RECORDS
┄┄┄┄┄┄

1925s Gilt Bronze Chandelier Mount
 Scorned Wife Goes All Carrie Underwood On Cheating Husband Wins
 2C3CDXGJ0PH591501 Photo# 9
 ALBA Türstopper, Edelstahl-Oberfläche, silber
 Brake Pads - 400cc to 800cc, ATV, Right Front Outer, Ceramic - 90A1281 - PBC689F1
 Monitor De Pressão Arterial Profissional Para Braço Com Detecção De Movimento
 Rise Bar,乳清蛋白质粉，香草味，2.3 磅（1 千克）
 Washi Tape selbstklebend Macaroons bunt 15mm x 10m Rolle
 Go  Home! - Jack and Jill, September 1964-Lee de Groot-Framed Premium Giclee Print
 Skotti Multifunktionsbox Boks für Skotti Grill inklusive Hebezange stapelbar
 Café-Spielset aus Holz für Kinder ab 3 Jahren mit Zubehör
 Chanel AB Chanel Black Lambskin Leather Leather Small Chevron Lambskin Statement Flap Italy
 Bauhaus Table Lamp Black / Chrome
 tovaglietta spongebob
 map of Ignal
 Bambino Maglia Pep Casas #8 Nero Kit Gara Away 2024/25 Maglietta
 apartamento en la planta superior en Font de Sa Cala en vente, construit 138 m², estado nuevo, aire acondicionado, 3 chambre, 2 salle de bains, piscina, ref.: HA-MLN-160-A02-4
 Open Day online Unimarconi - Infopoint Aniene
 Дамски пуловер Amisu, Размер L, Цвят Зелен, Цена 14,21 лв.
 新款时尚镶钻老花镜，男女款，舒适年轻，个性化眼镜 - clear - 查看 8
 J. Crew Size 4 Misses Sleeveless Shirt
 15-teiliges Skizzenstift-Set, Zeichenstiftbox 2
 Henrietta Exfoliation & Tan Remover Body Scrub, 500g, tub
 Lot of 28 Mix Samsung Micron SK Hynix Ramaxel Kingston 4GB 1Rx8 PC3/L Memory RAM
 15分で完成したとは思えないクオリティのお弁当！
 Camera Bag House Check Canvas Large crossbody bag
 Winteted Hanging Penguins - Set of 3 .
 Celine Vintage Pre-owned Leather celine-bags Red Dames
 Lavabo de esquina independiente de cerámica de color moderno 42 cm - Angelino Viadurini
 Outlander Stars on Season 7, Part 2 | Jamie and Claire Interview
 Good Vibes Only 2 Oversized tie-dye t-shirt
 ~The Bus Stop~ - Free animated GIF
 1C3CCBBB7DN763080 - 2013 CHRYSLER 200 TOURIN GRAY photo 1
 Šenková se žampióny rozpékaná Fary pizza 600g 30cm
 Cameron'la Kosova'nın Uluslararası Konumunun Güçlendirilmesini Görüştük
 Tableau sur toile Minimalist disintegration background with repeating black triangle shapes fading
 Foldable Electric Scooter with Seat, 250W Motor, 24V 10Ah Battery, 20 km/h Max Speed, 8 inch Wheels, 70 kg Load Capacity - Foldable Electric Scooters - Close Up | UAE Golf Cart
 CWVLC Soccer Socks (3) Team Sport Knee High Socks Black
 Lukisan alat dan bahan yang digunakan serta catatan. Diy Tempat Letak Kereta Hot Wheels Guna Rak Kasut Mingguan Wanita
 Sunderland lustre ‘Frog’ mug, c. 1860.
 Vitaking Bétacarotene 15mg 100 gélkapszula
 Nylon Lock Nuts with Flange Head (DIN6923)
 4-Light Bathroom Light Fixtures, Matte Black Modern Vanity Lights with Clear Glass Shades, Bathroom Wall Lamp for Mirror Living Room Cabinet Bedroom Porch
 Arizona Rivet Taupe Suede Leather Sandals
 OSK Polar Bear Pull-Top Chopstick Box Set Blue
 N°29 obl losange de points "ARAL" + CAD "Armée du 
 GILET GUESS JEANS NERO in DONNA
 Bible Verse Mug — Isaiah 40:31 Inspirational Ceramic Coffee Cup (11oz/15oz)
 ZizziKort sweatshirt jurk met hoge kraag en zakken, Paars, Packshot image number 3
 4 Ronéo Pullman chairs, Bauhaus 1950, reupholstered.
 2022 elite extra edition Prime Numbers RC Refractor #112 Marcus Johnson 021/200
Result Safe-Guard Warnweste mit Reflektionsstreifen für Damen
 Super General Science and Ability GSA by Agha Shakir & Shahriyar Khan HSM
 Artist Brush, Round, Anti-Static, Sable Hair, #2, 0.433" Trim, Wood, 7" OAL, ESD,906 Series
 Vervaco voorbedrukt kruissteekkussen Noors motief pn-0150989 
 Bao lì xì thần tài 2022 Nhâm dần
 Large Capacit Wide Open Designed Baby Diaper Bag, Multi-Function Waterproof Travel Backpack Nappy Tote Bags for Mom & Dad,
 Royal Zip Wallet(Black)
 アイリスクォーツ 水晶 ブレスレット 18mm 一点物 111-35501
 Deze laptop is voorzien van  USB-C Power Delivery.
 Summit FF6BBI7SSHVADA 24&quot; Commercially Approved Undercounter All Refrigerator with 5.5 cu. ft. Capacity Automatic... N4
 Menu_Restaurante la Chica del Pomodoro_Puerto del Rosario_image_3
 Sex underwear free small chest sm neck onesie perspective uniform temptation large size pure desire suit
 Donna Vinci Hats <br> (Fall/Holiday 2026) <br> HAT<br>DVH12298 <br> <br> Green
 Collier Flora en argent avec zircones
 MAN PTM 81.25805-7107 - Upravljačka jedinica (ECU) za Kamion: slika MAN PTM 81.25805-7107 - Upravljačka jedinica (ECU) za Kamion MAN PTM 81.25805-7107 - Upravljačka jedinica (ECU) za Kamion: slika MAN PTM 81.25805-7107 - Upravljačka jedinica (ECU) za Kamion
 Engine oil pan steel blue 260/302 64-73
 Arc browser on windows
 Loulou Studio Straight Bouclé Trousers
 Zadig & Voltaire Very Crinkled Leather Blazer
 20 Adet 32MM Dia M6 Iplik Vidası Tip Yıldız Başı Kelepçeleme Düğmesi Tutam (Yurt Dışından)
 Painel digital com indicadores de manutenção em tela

┄┄┄┄┄┄

WHAT THE TASK ASKS
Taking the entries above, write out exactly each line from the one holding "1C3CCBBB7DN763080 - 2013" to the one holding "4-Light Bathroom Light", both included, and stop there.

ANSWER TO THIS TASK
 1C3CCBBB7DN763080 - 2013 CHRYSLER 200 TOURIN GRAY photo 1
 Šenková se žampióny rozpékaná Fary pizza 600g 30cm
 Cameron'la Kosova'nın Uluslararası Konumunun Güçlendirilmesini Görüştük
 Tableau sur toile Minimalist disintegration background with repeating black triangle shapes fading
 Foldable Electric Scooter with Seat, 250W Motor, 24V 10Ah Battery, 20 km/h Max Speed, 8 inch Wheels, 70 kg Load Capacity - Foldable Electric Scooters - Close Up | UAE Golf Cart
 CWVLC Soccer Socks (3) Team Sport Knee High Socks Black
 Lukisan alat dan bahan yang digunakan serta catatan. Diy Tempat Letak Kereta Hot Wheels Guna Rak Kasut Mingguan Wanita
 Sunderland lustre ‘Frog’ mug, c. 1860.
 Vitaking Bétacarotene 15mg 100 gélkapszula
 Nylon Lock Nuts with Flange Head (DIN6923)
 4-Light Bathroom Light Fixtures, Matte Black Modern Vanity Lights with Clear Glass Shades, Bathroom Wall Lamp for Mirror Living Room Cabinet Bedroom Porch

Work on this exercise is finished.